The issue is arising when I’m doing mask = grad_cam(inp, None) as I am just feeding images. Model is expecting images and metadata both. The number of features we have in meta data is 11. Most probably, that’s why expected shape (11x1536) but getting (1x1536).
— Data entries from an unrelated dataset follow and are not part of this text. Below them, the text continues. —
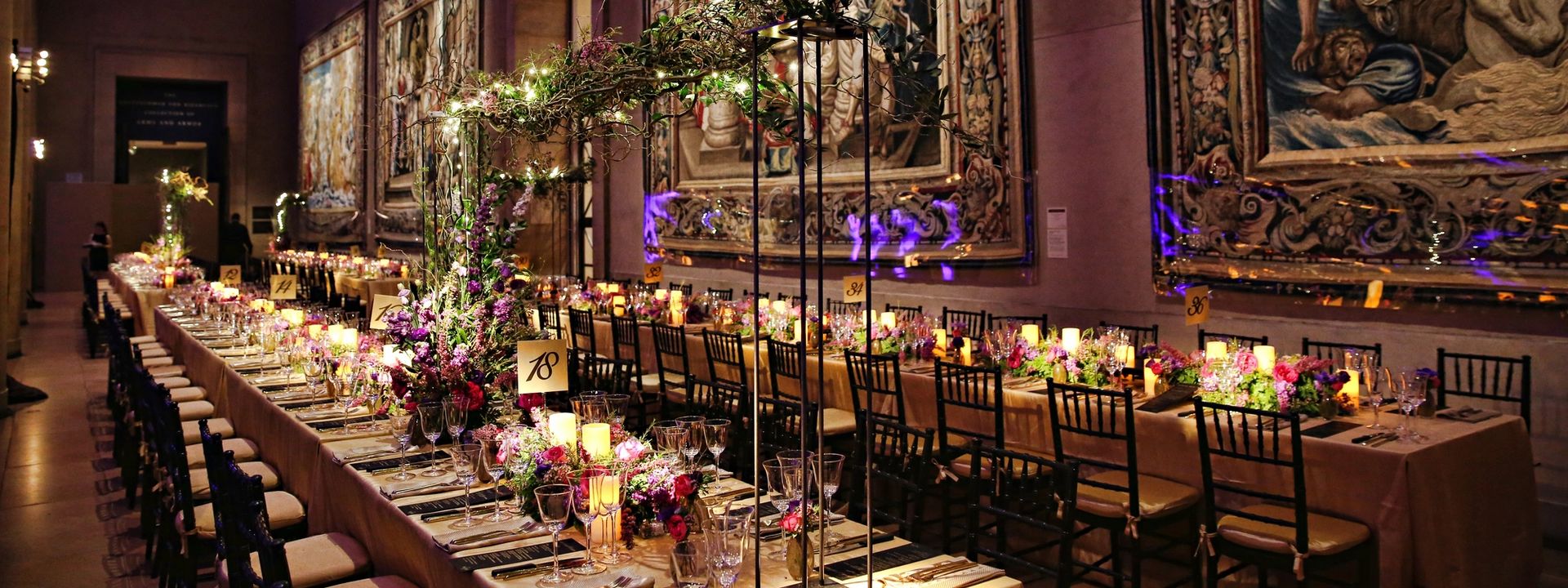Long tables decorated with candles and colorful flowers for a wedding reception on the east balcony in the main building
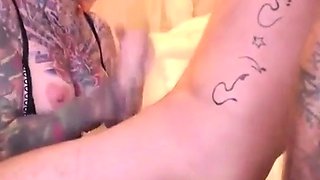 Tattooed Amateur Gives Lucky Man Intense Webcam Blowjob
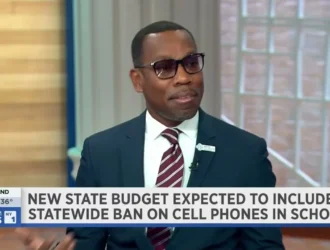 A man in a suit and glasses speaks on a news program. The screen headline discusses a possible statewide ban on cell phones in schools.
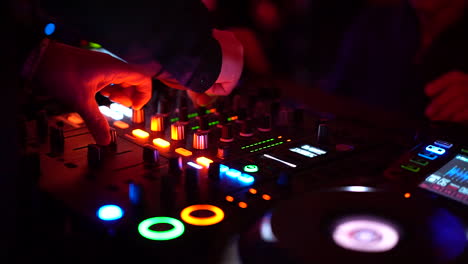The-DJ-at-his-mixer-table-at-the-nightclub-turning-the-knobs-and-pushing-buttons-with-flashing-lights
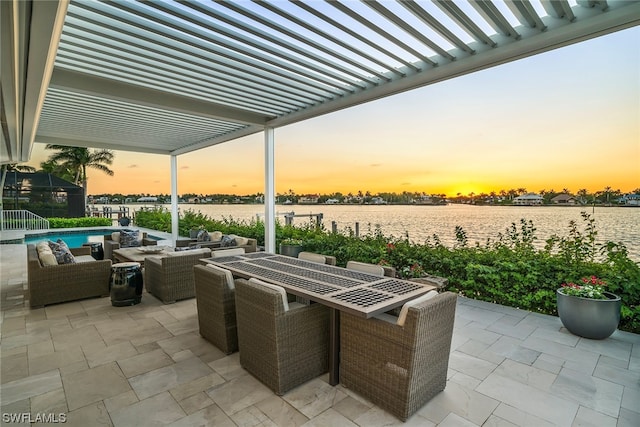 patio terrace at dusk featuring a water view, a pergola, and an outdoor hangout area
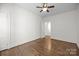 Neutral bedroom featuring hardwood floors and ceiling fan with a doorway to the adjoining room at 700 Oakland Ave, Charlotte, NC 28204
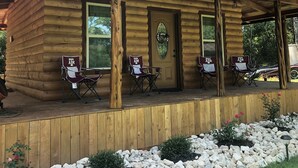 A log cabin with a porch, three folding chairs, and a door with a window.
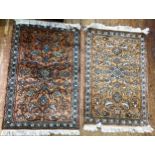 Two small machine made rugs, each with coloured geometric decoration to an orange ground, with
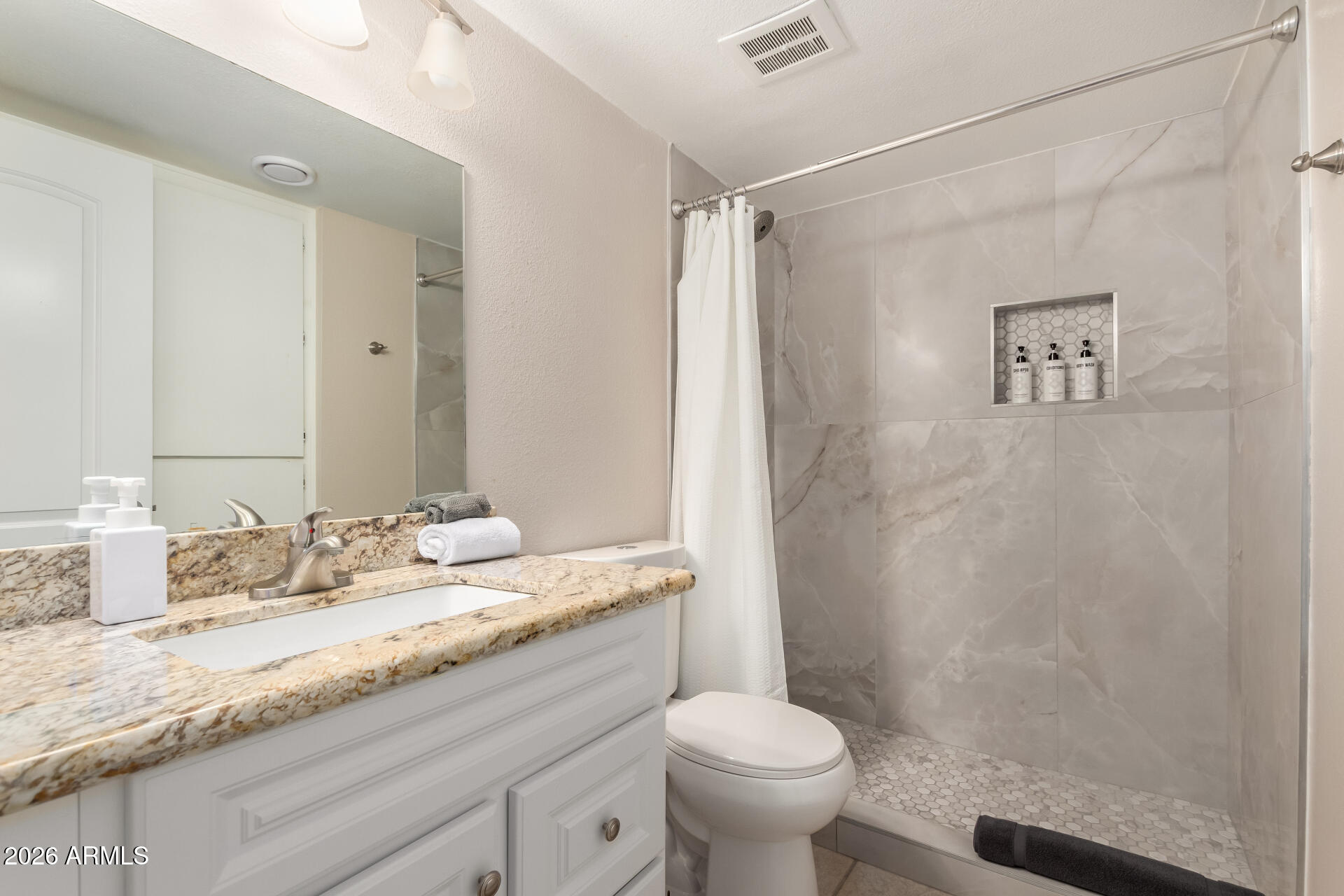 7625 East Camelback Road, Unit A220 Scottsdale, AZ 85251 - Photo 9 of 37 a bathroom with a granite countertop sink toilet and shower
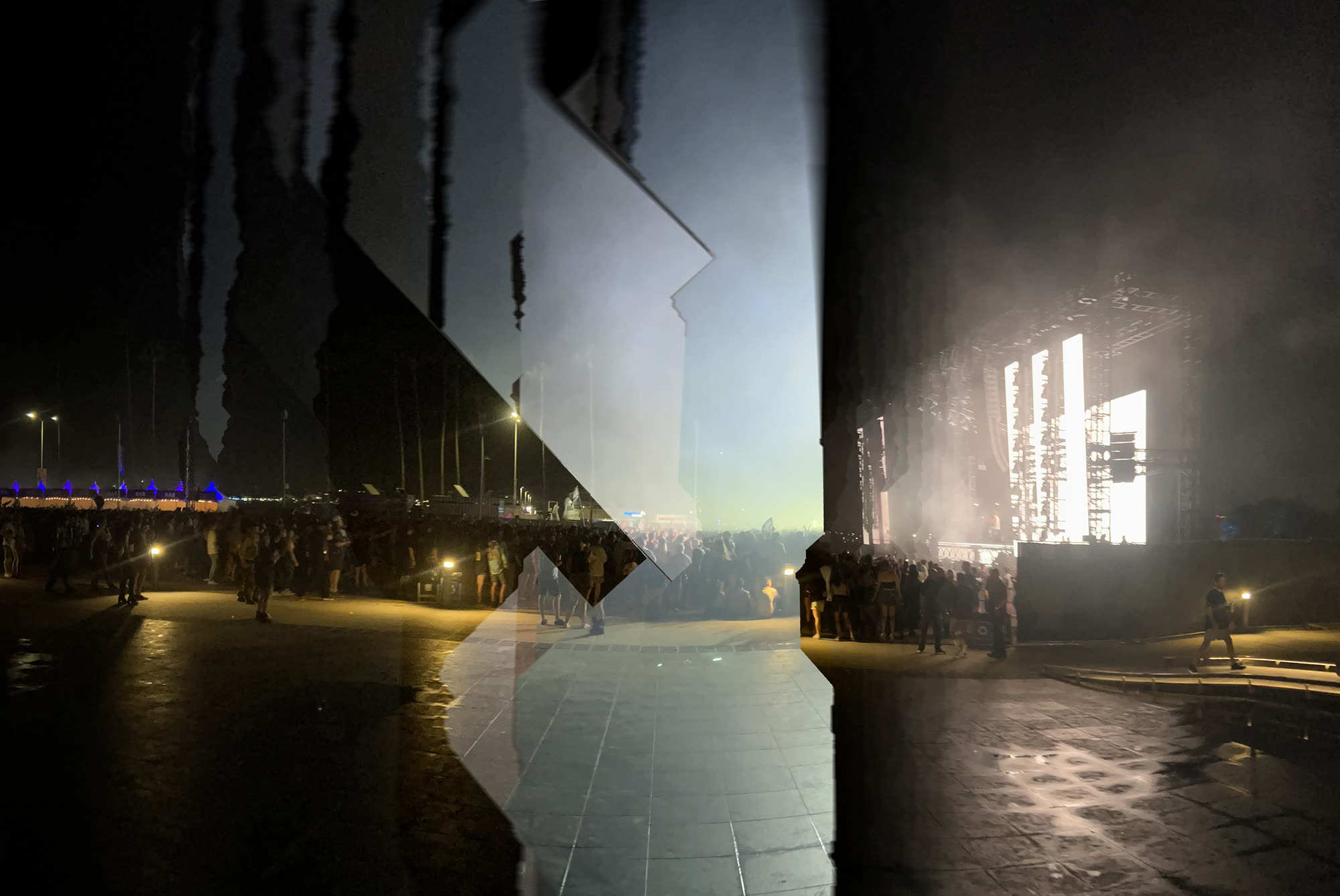 A festival stage at night, captured mid-panorama, the left half torn into vertical bands while the stage blows out to white on the right.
How can I feed image and metadata?

grad_cam = GradCam(model=model, feature_module=features, target_layer_names=["2"], use_cuda=False)
inp = val_transformer(im).unsqueeze(0)
mask = grad_cam(inp, None)

If 11 is your batch_size then transpose the tensor by using the following.

https://pytorch.org/docs/stable/generated/torch.transpose.html

Matrix multiplication is only possible between matrix m x n and matrix n x p. Please note that n is equal in both matrices.

@tiramisuNcustard Thanks for your suggestion. 11 is not batch_size. This is the number features I used in the meta data.